What you should do - Produce a word-for-word copy of the lines from the one that contains "Electrolux, Electrolux DMSL8335UO" to the final line of the data below, with all pictures dropped.

Provided data -
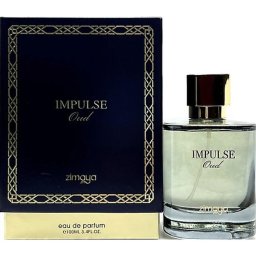 Zimaya Impulse Oud EDP U 100 ml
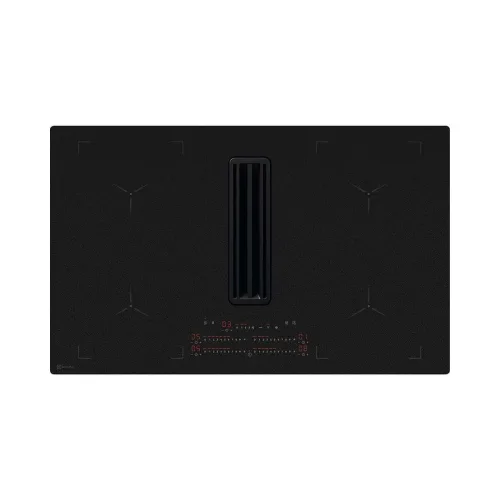 Electrolux, Electrolux DMSL8335UO Dunstabzugshaube 60cm – Kochfeld mit integriertem Dunstabzug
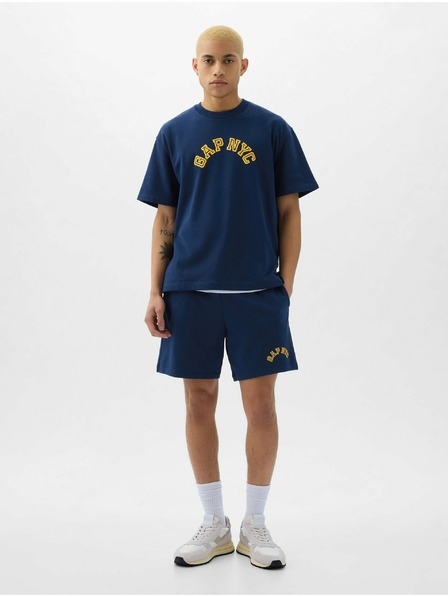 GAP Teplákové kraťasy s logom GAP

Exercise output -
 Electrolux, Electrolux DMSL8335UO Dunstabzugshaube 60cm – Kochfeld mit integriertem Dunstabzug
 GAP Teplákové kraťasy s logom GAP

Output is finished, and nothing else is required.